**Task objective:** Leave the pictures out. Return the rest of the listing below exactly.

**Data shown:**
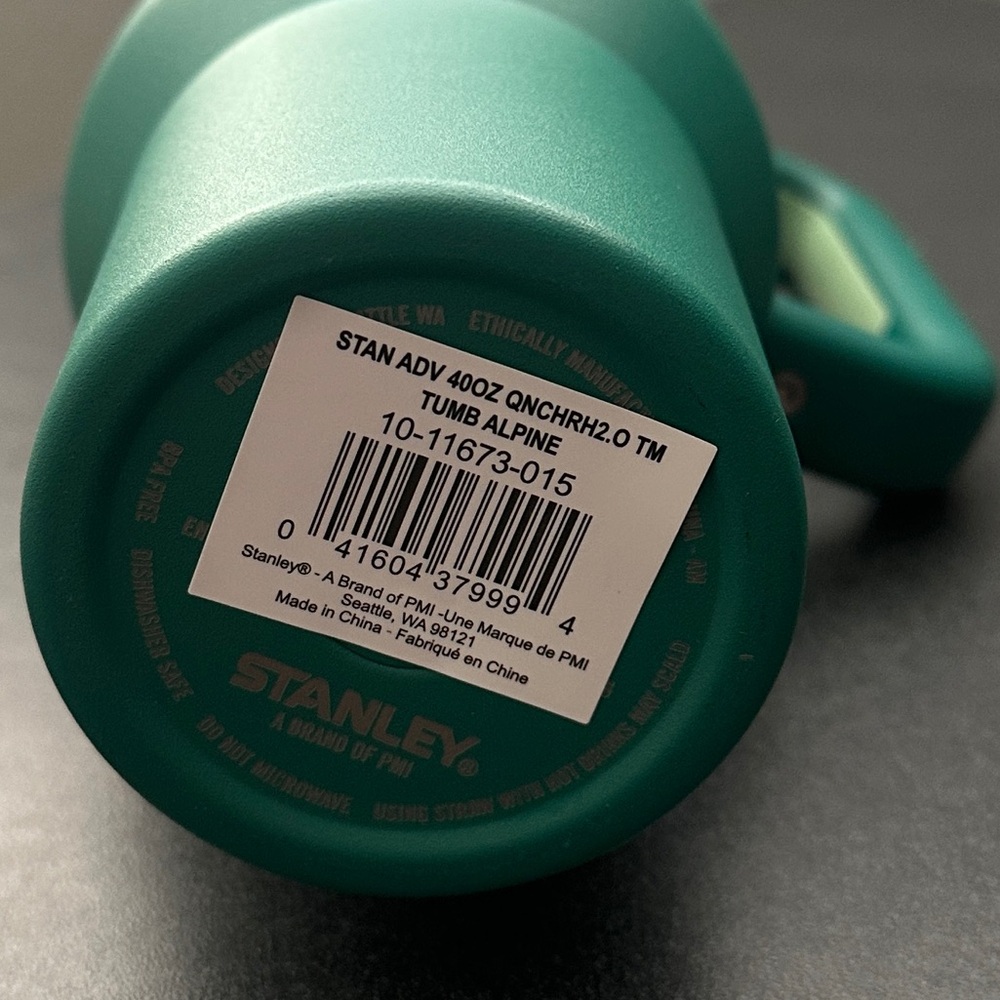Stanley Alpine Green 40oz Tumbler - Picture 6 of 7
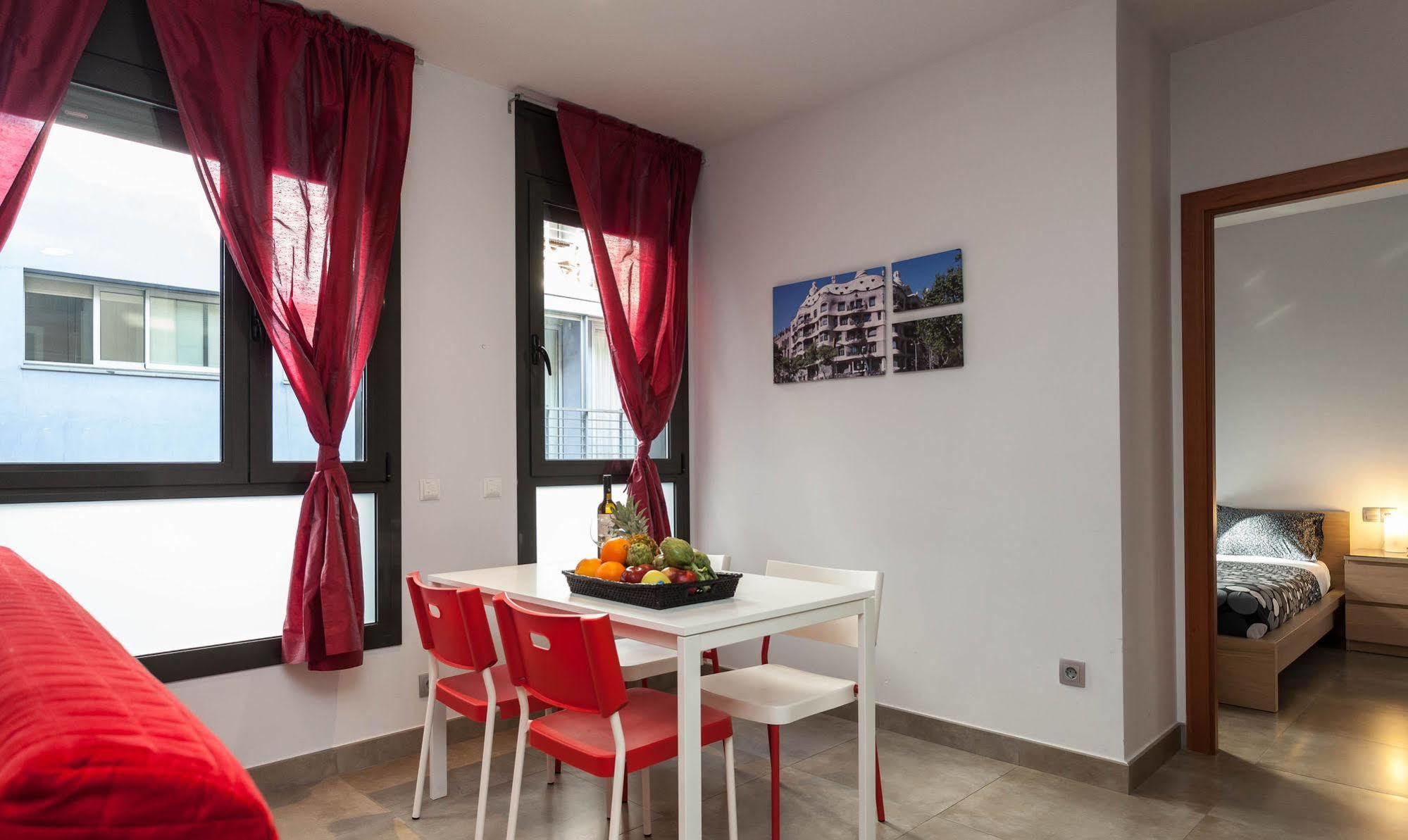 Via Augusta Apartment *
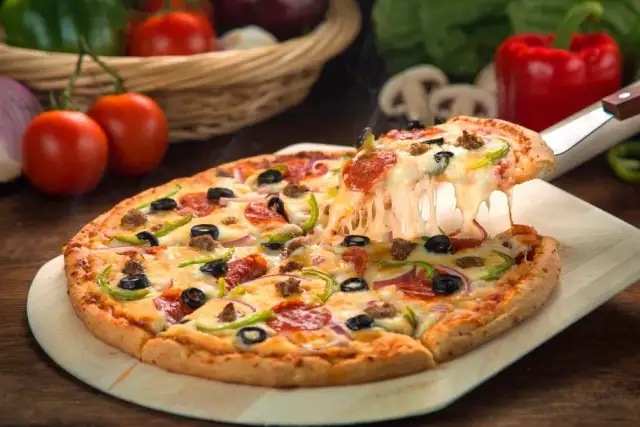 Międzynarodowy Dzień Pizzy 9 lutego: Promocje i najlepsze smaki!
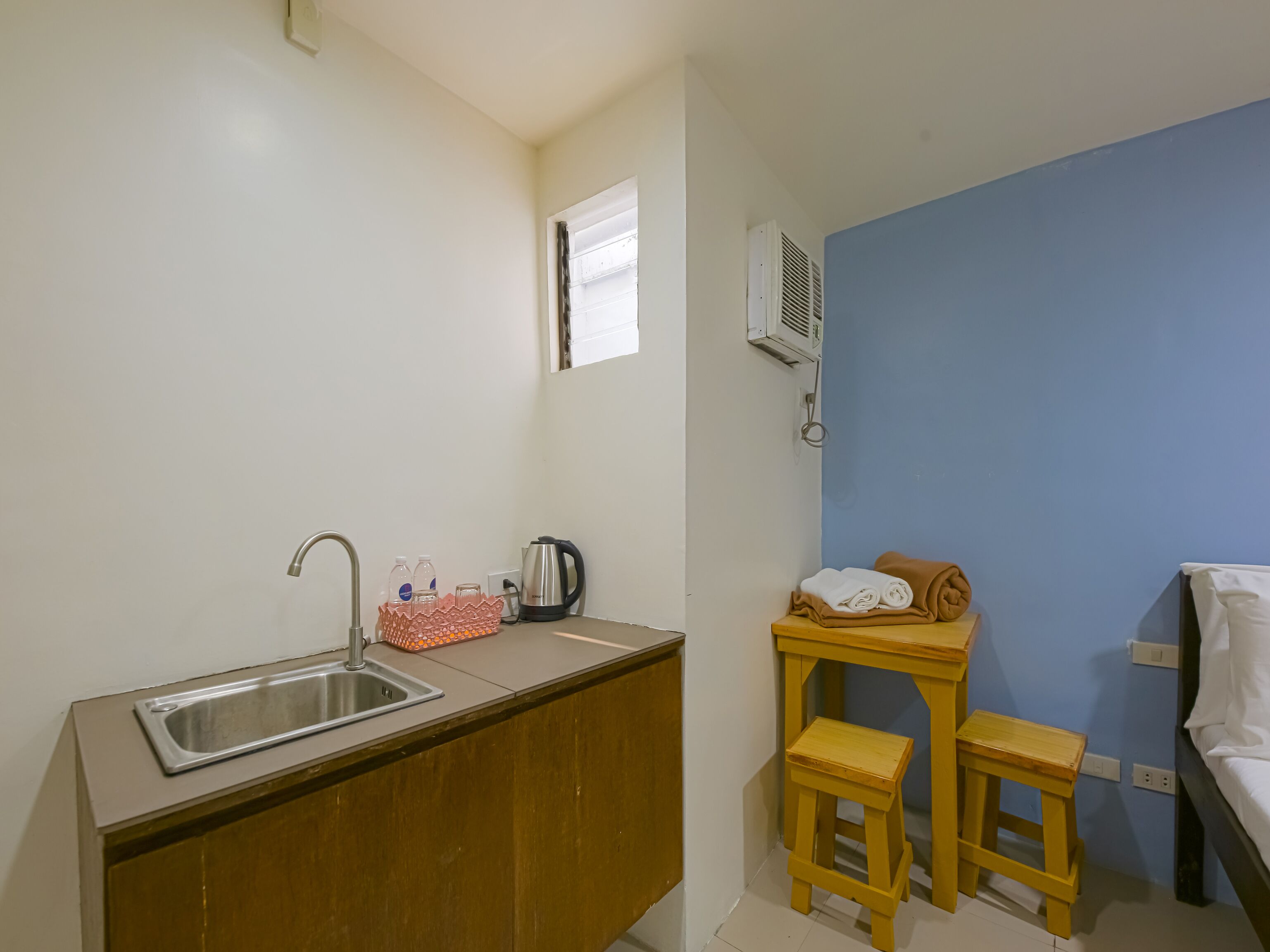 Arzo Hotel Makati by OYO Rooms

**Exercise output:**
Stanley Alpine Green 40oz Tumbler - Picture 6 of 7
 Via Augusta Apartment *
 Międzynarodowy Dzień Pizzy 9 lutego: Promocje i najlepsze smaki!
 Arzo Hotel Makati by OYO Rooms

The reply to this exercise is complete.